> [DATASET EXCERPTS]
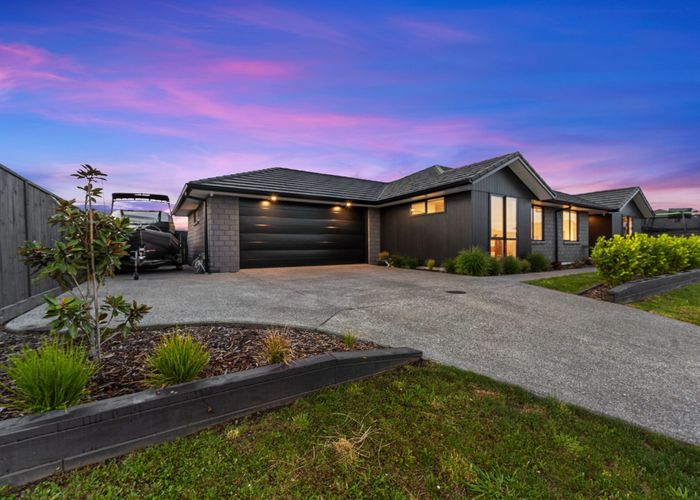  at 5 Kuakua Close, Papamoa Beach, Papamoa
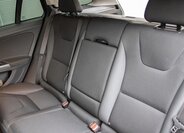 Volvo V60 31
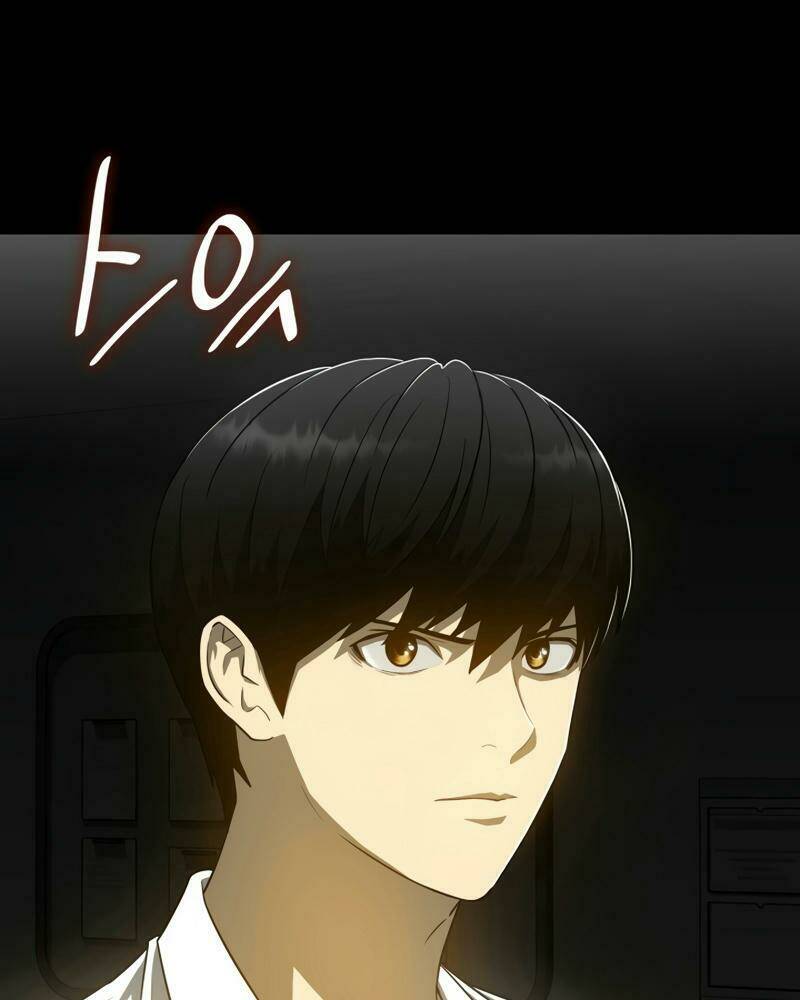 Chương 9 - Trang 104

...

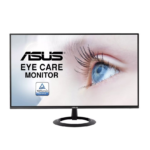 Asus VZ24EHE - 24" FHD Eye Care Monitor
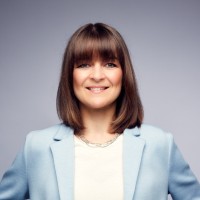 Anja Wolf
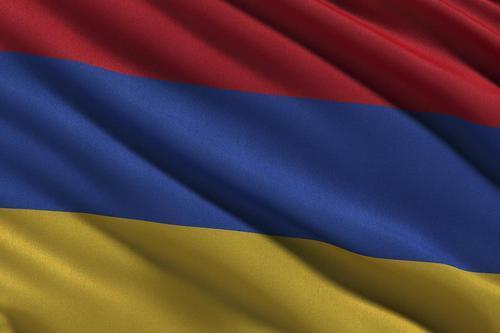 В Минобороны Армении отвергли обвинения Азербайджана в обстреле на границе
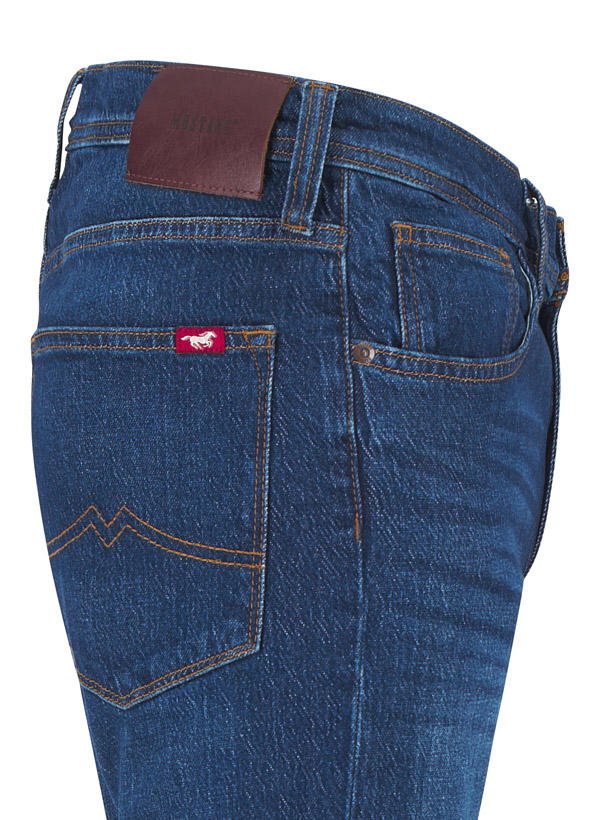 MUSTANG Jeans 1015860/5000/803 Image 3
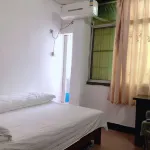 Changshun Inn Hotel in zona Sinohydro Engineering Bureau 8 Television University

> [INSTRUCTIONS FOR THE TASK]
Starting at the line with "at 5 Kuakua Close, Papamoa Beach, Papamoa" in the entries above, write out every line exactly until the line with "Chương 9 - Trang 104" has been written. Include no pictures and nothing more.

> [WRITTEN REPLY]
  at 5 Kuakua Close, Papamoa Beach, Papamoa
 Volvo V60 31
 Chương 9 - Trang 104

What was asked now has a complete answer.